COVID-19 travel tips

Do your research and be informed

Staying on top of the latest travel advice and information can help you manage your plans effectively. National Seniors Travel's My Travel Itinerary App provides a complete information hub, acting like your personal Travel Agent on the go.

Review your travel insurance

When taking out travel insurance read the PDS to know what you are getting and what the exclusions are. Policies may now include clauses for COVID-19 related medical expenses, cancellations, and costs.

Be prepared

Pack everything you need for safety including face masks, sanitisers, and antibacterial wipes. Renew your passport well ahead of time to avoid delays, which could be substantial as many rush to renew.

Lock in flexible terms

Ensure you understand the terms and conditions of your booking. Find flexible booking terms that meet your travel needs.

Choose wisely

Look for destinations, hotels, and operators that are following COVID-19 safety guidelines. National Seniors Travel has a suppler excellence program to ensure their ground operators and suppliers have COVID-safe plans in place, and their Signature Collection has been curated with safety in mind.

Try contactless

Everyone is now used to using QR codes. Check-in online, use self-service checkouts and kiosks, and use card payments where you can.

Keep it simple

Don’t make your itinerary too complicated. This will make it easier to reschedule if the worst should happen.

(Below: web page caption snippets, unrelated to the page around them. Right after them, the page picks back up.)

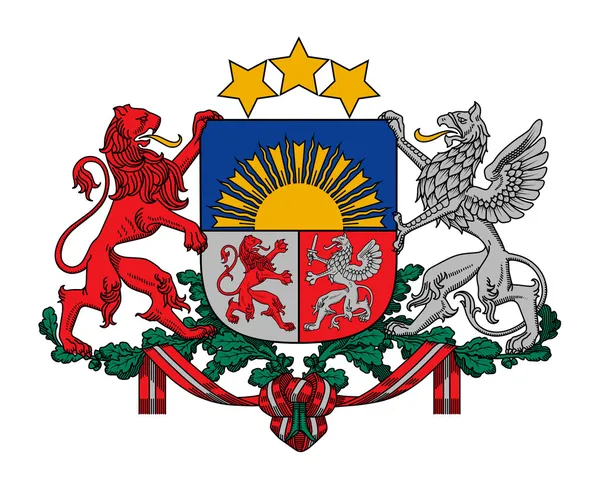 拉脱维亚的徽章 — 图库照片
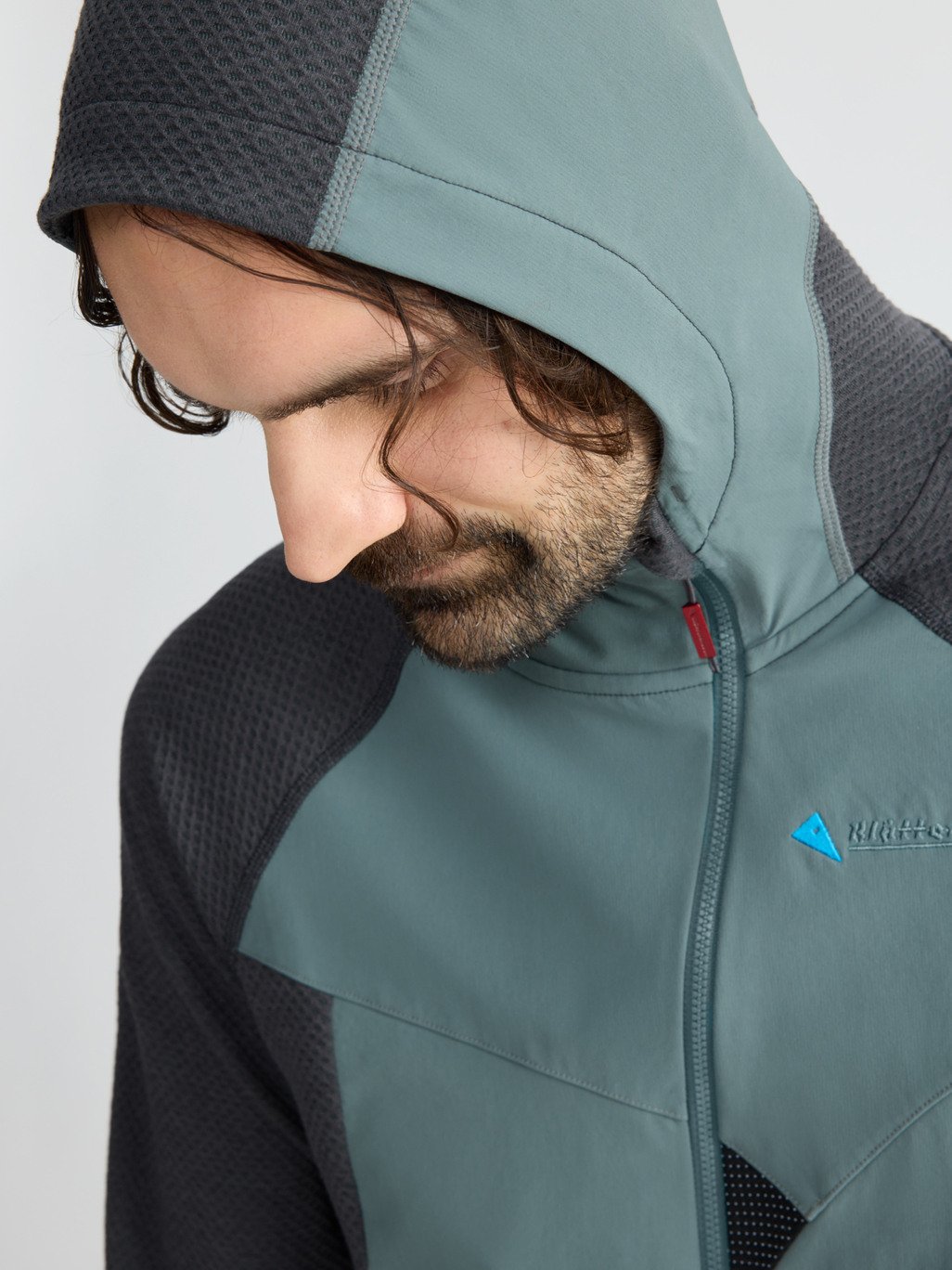 Hugin Zip Hoodie M's - Fleecetröja med extra vindskydd
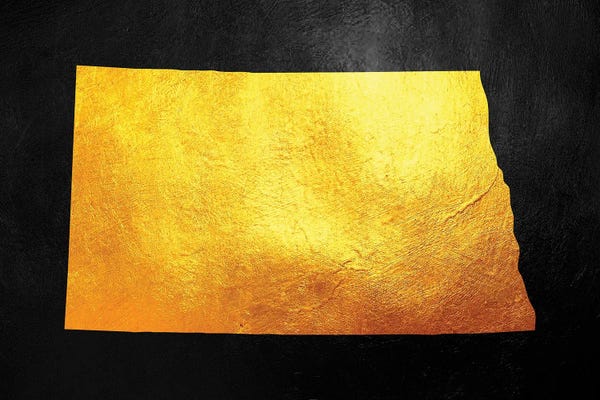 North Dakota: North Dakota Gold Map by Adrian Baldovino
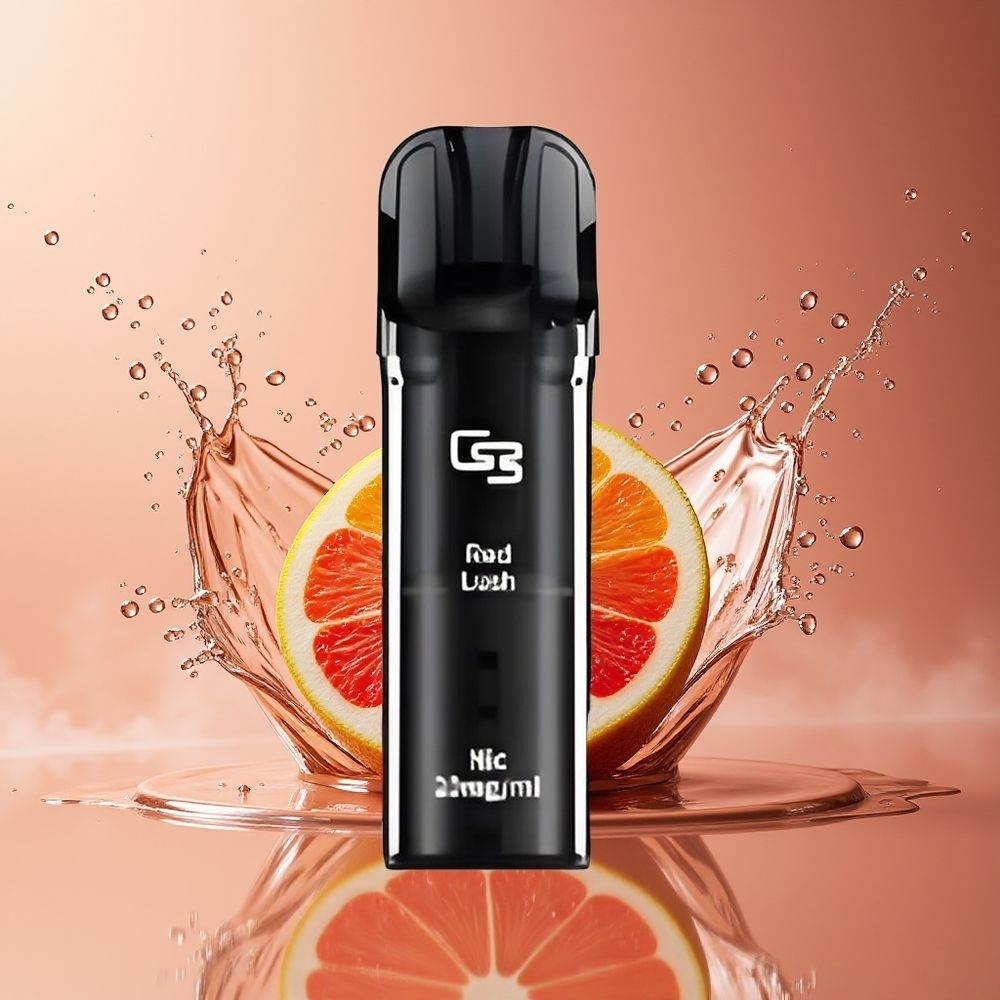 GEEK BAR Elite Prefyldt Pod Kit Dansk Engros – Aluminiumlegering – Kobberrød (Rød) – 650 mAh – 2,0 ml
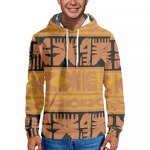 Men's Hooded Sweatshirt Manufacturer - OEM Polynesianculture Custom Island Windproof Warm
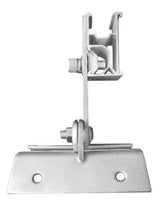 Adjustable metal roof hook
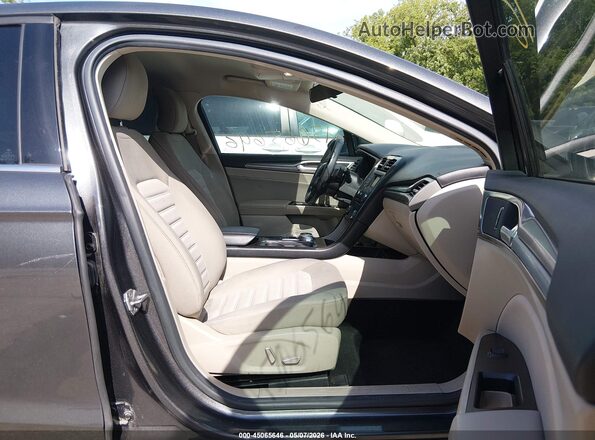 3FA6P0HD4HR237296 2017 FORD FUSION Gray 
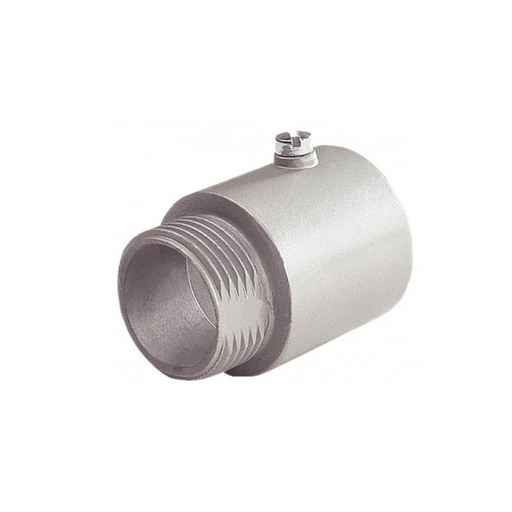 [ED12583] Terminal Zinc c/ Rosca 1" p/ Caño Metálico Flexible - Elecon 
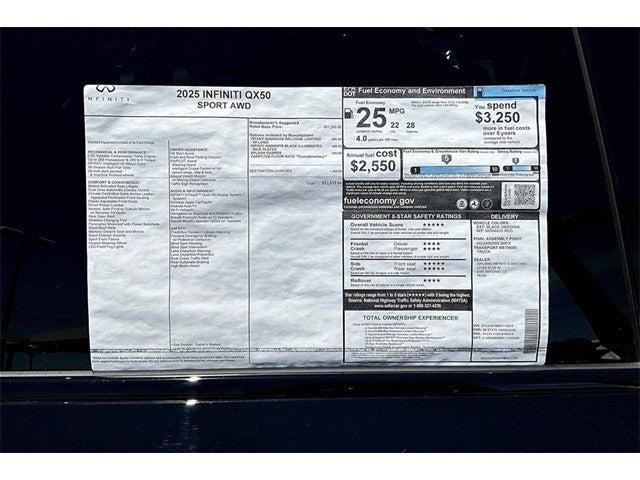 2025 INFINITI QX50 Vehicle Photo in San Antonio, TX 78230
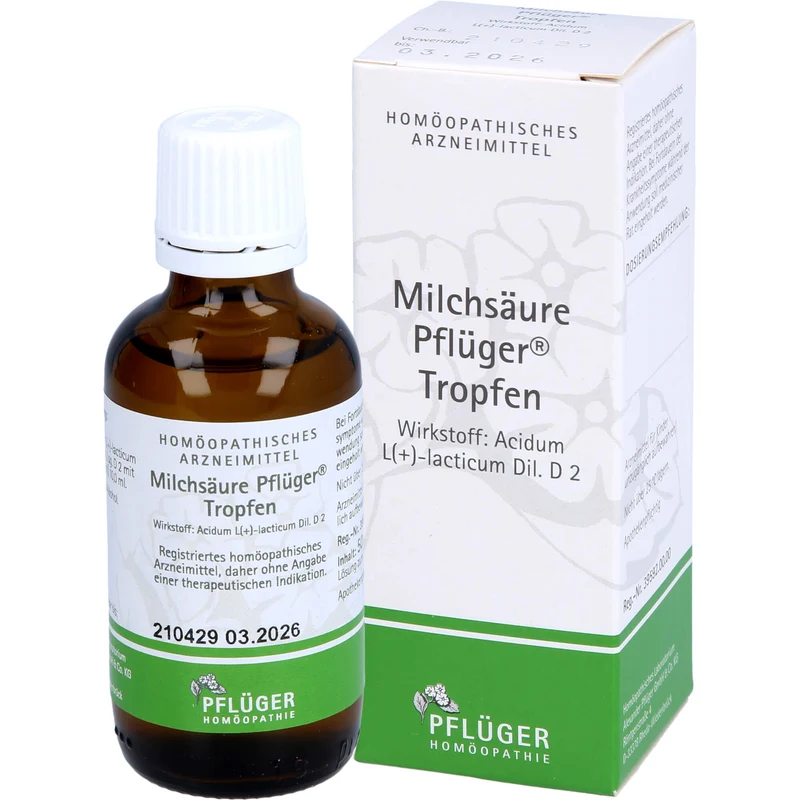 Pflüger Milchsäure Tropfen, 50 ml Lösung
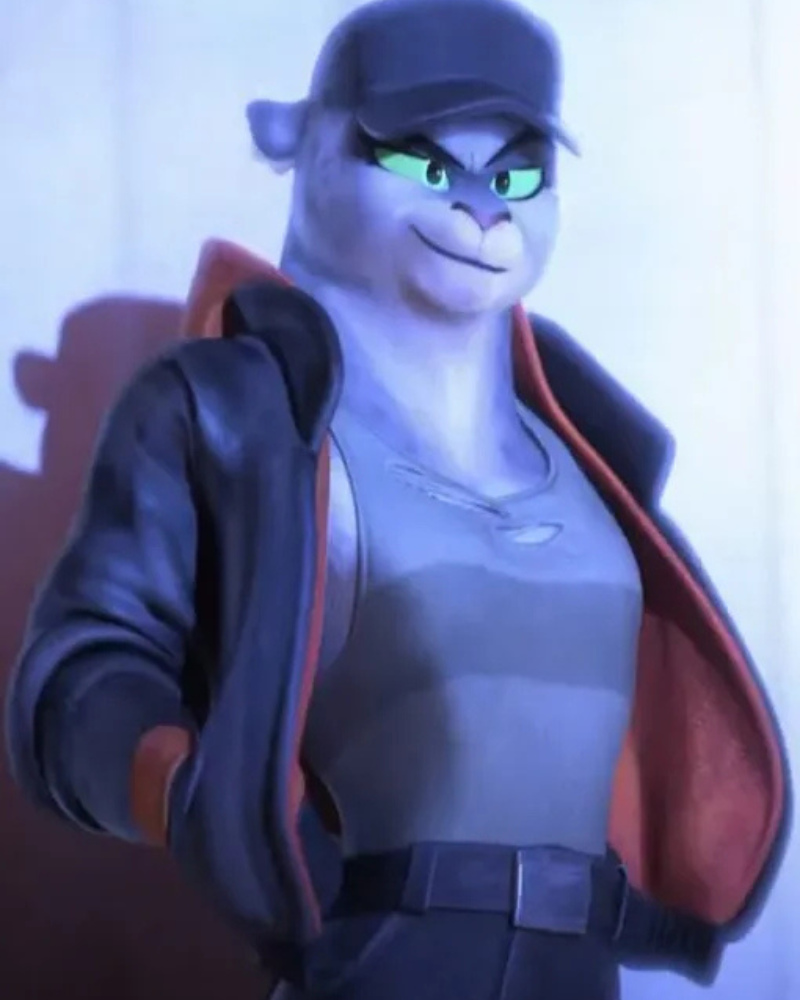 The Bad Guys II 2025 Kitty Kat Black Jacket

Maintain COVID-safe behaviours

Continue practicing social distancing, wear a protective mask, disinfect often and exercise good hand hygiene.

Check you have 24/7 support

Travelling has a huge amount of uncertainty in a post-COVID world. Make sure you have access to professional 24-hour support from your travel agent or suppliers – this could save you a lot of stress if your plans unexpectedly change.

Print and share your travel documents

Just in case anything gets lost along the way, it’s important to bring printed copies of your important travel documents such as your passport, licences, bank cards and bookings. It’s also a smart idea to print a copy of your vaccine passport – National Seniors Travel can also provide a soft copy on the My Travel Itinerary App. Don’t forget to make backup copies of your itinerary and send it to those you are visiting, and with trusted friends or family back home.

Get to the airport early

With additional check-in requirements taking more time to get through, it’s better to arrive early and be bored, than late and stressed.

Keep everyone in the loop

Along with letting your friends and family know what your plans are, it’s also advisable to lodge your information and itinerary with DFAT Smart Traveller so they can reach you in case of emergency.